I have recently returned from a trip to Argentina where I had traveled to meet GA, who had been invited there upon the publication of The Wandering Who in Spanish (La Identidad Errante) by Editorial Canaán in Buenos Aires.

Copies of his book were available in bookstores already.

Buenos Aires is a reading town: it is hard to walk more than four blocks in any direction without finding a bookstore. Gilad marveled at seeing philosophy books displayed in the window of one. (I do not know about the UK but in the US only a bookstore manager bent on bankruptcy would display philosophy books instead of the usual shop window fare, something like “Quick Guide to Having Great Sex While Eating, Shopping and Investing Smartly.”)

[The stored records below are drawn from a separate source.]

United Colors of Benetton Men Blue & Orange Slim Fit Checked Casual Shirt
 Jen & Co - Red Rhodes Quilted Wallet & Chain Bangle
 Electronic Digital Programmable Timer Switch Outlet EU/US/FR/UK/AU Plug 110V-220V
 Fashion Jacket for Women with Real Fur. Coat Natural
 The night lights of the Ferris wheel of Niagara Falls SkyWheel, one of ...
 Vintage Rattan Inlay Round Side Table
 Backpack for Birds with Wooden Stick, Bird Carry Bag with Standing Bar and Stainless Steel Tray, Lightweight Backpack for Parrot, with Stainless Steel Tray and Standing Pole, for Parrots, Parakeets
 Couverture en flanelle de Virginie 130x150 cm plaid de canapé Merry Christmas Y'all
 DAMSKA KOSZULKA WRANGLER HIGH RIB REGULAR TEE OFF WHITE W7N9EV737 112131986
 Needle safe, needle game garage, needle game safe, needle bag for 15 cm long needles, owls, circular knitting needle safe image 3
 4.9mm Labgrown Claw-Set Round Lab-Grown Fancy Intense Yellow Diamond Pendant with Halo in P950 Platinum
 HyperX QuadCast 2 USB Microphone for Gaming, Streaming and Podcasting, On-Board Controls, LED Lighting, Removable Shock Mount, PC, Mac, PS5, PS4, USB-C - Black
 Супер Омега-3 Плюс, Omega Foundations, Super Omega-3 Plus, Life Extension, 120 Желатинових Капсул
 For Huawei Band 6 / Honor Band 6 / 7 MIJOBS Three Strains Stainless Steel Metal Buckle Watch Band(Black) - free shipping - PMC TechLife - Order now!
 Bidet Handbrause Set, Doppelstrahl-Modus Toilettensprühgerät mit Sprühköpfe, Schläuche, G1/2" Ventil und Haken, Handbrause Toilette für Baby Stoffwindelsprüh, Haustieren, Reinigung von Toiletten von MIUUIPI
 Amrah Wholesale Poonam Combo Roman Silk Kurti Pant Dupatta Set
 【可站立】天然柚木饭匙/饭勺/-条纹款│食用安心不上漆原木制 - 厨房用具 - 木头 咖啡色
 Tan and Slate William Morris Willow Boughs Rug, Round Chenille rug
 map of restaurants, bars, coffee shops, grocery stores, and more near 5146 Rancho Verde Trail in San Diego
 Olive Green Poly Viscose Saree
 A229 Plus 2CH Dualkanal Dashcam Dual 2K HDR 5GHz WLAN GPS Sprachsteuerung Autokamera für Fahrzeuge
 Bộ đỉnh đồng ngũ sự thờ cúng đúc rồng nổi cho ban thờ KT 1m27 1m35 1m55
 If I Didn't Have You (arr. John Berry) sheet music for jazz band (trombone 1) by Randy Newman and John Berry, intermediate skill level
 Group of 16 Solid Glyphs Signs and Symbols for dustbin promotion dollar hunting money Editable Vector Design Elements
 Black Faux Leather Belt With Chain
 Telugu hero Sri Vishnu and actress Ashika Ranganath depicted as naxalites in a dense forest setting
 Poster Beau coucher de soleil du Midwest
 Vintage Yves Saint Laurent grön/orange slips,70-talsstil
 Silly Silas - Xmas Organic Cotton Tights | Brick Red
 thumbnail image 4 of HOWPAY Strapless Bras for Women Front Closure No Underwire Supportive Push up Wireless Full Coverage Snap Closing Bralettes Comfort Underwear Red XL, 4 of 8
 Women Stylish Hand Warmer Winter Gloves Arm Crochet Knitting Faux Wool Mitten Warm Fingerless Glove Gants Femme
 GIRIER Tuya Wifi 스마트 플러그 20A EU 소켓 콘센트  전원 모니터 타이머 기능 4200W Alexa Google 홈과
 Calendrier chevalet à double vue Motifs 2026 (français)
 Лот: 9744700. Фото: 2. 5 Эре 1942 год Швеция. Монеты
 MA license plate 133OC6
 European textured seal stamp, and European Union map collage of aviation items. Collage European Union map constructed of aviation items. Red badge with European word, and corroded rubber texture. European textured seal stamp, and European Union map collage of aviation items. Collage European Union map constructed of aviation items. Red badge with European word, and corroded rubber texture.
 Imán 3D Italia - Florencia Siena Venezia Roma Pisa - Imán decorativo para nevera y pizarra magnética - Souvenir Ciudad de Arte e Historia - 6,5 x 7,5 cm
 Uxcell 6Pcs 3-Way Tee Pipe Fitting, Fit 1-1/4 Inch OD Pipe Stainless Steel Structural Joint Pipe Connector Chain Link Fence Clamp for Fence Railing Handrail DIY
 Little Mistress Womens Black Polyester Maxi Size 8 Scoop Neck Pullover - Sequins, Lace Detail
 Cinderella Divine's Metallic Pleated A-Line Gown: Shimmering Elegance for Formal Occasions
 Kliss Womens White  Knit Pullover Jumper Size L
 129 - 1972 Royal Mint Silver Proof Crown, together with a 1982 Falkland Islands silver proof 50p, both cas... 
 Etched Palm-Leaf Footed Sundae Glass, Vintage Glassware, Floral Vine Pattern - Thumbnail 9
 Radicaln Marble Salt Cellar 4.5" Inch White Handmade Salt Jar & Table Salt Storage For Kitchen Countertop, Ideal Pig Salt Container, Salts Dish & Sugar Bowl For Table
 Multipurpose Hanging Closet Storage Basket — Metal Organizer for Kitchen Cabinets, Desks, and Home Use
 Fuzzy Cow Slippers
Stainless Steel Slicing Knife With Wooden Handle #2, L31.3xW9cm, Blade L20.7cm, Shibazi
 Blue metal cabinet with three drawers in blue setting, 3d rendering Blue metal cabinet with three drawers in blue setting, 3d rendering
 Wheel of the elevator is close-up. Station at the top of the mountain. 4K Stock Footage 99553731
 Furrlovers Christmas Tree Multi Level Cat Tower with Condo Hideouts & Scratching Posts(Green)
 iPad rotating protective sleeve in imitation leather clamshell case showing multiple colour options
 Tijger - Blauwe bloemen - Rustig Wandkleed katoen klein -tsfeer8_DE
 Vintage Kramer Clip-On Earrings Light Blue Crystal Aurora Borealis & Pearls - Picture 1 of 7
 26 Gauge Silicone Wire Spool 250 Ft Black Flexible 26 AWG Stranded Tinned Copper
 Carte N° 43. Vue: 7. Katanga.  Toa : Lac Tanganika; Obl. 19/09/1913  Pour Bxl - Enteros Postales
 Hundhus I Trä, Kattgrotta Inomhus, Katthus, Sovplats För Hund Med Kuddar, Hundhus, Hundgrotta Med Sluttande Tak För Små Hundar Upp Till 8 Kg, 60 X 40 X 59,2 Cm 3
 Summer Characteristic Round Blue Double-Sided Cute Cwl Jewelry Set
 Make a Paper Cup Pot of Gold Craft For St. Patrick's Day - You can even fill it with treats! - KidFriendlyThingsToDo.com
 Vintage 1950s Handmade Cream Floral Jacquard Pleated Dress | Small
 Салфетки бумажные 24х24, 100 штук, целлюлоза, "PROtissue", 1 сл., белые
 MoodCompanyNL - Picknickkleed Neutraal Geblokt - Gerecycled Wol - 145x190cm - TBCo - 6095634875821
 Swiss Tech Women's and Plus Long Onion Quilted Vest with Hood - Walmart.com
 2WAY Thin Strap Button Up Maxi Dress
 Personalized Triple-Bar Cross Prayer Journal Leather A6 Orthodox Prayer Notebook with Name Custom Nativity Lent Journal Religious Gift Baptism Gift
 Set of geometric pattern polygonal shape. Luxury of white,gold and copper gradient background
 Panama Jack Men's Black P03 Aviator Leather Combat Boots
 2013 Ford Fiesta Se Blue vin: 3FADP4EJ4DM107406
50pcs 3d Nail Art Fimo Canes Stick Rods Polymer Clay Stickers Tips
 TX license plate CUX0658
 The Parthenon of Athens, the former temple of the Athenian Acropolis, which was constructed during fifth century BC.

He was generous with his time: I ended up spending a couple of full days with him, talking for many hours on end, accompanying him to radio interviews, to a talk he gave to history professors, an engagement in a jazz club, browsing through musical instruments stores and simply walking and enjoying together the unique and stunning beauty of Buenos Aires.

His reception was enthusiastic everywhere we went, although “la identitad politica Judia” is nowhere near as familiar a term as JIP has become in Europe and North America. Here, in South America in general, he does not (or not yet) benefit from the unintentional but helpful marketing support he has received from zionists and “anti-zionist zionists.”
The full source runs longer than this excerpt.